The problem is that heavy snow, although excellent for snowman, snowball fights, etc, sticks to everything. If a tree that has leaves that seems stubbornly stuck to the tree, then the snow collects on those leaves, putting more weight than the tree can tolerate. If the branches are quite strong, the entire tree would come down and hit everything in its path. In this case, the kitchen and the livingroom.
Fortunately, the bedrooms that we are currently sleeping in is out of harm's way - I think.
I had open the door later in the evening to check on the tree. Sure enough, the branches were bowed and the snow was collecting on the leaves. All around I can hear branches creaking and breaking, both near and far.
A few branches have (and still are) breaking off the tree and bouncing off the roof. They're not very large branches, but they make quite the racket on their way down. I was a nervous wreck.
That isn't the end of my worries. The lights flickered a few times as I was getting ready for bed. I grabbed my book light (which makes a terrible booklight but a wonderful flashlight and portable deskligh because it's so cumbersome) and decided to try to take a shower.
I wasn't worried about the shower stopping, since the water is gravity fed city water and the hot water heater is designed to keep the heat for a long period of time. But the bathroom is one of the darkest rooms in the house, even in the daytime. So the booklight/flashlight would have been handy if the power were to go out.
It didn't. I did take some precautions and put blankets over the windows upstairs in the bedrooms that we are sleeping in so that if we do lose power overnight, the heat wouldn't so quickly be sucked out the glass (glass is a terrible insulator against heat) and we don't freeze to death.

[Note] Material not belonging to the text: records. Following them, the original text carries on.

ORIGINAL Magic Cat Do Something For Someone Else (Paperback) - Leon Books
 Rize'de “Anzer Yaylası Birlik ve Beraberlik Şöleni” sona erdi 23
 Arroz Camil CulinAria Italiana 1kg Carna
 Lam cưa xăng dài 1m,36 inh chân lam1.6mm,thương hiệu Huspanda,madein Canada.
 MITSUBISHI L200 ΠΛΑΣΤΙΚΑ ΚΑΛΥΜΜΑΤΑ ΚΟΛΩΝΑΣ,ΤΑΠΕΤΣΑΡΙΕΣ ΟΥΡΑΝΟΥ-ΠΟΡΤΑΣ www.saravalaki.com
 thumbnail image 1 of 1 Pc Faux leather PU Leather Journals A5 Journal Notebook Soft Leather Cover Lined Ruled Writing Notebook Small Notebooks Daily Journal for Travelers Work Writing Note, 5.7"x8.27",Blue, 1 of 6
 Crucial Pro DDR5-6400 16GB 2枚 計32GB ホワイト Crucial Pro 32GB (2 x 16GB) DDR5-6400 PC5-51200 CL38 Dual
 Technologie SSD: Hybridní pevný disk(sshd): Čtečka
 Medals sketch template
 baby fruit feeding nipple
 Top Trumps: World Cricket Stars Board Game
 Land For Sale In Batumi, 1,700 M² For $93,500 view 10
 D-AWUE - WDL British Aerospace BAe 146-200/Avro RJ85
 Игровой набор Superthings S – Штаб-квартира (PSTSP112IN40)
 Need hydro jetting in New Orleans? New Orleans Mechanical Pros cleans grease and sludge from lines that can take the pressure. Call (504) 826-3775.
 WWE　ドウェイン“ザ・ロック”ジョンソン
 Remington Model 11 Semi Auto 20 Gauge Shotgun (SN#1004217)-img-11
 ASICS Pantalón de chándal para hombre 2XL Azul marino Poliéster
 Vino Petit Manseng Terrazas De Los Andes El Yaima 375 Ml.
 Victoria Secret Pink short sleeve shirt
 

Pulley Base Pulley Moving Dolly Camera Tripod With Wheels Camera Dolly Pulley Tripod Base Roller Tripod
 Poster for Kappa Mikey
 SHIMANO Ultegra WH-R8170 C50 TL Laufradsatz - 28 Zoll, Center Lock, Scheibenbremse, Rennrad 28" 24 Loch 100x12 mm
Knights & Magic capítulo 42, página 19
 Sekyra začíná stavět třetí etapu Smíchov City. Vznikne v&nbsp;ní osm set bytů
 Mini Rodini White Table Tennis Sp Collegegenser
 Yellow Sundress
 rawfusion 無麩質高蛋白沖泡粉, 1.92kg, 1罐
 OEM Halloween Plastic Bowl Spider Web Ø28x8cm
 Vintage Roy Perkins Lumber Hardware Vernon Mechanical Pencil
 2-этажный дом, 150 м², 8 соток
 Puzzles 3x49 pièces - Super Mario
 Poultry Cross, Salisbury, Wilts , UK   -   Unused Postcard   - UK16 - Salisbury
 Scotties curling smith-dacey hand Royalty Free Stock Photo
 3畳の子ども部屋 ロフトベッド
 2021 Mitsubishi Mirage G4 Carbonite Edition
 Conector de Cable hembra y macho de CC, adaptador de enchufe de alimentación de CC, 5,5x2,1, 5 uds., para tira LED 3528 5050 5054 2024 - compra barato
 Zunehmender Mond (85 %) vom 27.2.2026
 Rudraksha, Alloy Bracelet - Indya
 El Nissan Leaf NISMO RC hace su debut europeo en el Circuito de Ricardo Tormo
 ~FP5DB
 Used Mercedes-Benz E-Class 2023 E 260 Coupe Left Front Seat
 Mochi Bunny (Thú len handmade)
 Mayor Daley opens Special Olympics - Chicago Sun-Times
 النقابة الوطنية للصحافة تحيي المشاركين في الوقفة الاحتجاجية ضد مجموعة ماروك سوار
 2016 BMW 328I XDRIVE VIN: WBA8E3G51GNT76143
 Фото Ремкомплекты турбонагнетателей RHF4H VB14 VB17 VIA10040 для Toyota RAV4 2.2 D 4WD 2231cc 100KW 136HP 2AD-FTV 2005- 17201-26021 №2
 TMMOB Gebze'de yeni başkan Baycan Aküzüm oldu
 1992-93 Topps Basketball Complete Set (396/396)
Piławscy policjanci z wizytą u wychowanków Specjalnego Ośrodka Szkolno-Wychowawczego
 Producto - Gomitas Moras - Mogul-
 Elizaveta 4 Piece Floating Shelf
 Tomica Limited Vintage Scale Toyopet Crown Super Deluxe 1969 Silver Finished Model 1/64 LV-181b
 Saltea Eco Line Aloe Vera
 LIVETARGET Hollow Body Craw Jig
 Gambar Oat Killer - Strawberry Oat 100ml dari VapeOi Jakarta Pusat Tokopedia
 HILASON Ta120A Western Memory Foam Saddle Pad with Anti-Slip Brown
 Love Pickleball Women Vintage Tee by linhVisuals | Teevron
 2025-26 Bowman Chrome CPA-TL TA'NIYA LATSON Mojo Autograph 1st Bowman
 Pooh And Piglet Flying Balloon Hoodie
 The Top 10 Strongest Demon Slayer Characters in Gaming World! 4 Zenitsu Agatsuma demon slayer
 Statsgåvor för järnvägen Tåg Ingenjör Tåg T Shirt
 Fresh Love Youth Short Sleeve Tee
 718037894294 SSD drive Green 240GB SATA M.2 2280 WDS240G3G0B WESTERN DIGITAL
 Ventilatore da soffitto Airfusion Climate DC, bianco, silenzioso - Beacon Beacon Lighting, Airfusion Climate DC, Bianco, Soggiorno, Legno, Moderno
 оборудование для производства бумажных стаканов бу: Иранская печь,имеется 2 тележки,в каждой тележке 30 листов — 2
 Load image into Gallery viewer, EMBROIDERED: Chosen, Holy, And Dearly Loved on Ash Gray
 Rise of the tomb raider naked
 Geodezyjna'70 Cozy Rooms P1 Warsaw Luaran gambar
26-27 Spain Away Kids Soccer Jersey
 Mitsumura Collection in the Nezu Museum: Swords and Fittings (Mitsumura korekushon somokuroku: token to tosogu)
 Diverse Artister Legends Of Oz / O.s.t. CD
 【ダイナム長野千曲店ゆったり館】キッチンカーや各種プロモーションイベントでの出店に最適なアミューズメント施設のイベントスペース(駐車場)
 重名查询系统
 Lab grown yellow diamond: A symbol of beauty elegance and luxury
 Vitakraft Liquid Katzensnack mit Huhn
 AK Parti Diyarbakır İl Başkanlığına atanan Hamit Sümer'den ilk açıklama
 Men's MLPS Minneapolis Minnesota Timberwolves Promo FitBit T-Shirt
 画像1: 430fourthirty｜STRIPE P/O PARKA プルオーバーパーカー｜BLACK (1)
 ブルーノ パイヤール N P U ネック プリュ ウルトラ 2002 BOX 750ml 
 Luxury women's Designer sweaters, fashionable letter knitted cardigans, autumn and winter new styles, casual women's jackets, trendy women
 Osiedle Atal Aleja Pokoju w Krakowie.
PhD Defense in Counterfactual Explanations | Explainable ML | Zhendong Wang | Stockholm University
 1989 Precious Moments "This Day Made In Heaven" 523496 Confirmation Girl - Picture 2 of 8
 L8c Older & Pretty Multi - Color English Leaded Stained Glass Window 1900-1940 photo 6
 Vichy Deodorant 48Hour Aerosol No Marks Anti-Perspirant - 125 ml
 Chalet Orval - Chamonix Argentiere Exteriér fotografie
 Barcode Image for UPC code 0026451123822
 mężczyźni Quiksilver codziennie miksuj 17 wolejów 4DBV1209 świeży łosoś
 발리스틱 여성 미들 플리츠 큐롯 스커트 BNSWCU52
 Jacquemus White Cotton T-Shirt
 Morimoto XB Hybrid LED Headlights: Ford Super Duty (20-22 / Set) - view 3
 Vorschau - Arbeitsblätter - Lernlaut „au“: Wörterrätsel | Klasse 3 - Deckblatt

Typically, the power doesn't stay out for long in town. So I'm not too worried about trying to find another place to stay, even though my parents have wood heat and live only 5 miles away. Of course, we are borrowing their kerosene heater. So we could use that to keep the basement warm so that the pipes don't freeze.
But I have been informed that it's supposed to get "warmer" this week - at least warm enough to melt the snow. So I'm not worried about literately freezing, anyway.